:: Try it ::
Below are the entries; give again exactly the lines from the one mentioning "Armeria trianoi.52" through the one mentioning "White gladioli are", inclusive.

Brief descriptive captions

----

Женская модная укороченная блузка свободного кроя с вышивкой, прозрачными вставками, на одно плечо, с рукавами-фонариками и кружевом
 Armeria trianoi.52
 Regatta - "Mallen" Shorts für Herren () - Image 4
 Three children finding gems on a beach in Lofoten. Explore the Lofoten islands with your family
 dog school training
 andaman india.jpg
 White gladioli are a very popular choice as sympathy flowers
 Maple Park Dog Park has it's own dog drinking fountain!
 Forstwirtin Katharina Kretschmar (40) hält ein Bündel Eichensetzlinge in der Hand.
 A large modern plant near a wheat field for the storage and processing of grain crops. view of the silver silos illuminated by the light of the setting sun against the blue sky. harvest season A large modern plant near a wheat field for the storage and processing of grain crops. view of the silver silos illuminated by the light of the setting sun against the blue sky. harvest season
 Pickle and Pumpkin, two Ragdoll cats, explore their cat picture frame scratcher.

----

:: Task output ::
 Armeria trianoi.52
 Regatta - "Mallen" Shorts für Herren () - Image 4
 Three children finding gems on a beach in Lofoten. Explore the Lofoten islands with your family
 dog school training
 andaman india.jpg
 White gladioli are a very popular choice as sympathy flowers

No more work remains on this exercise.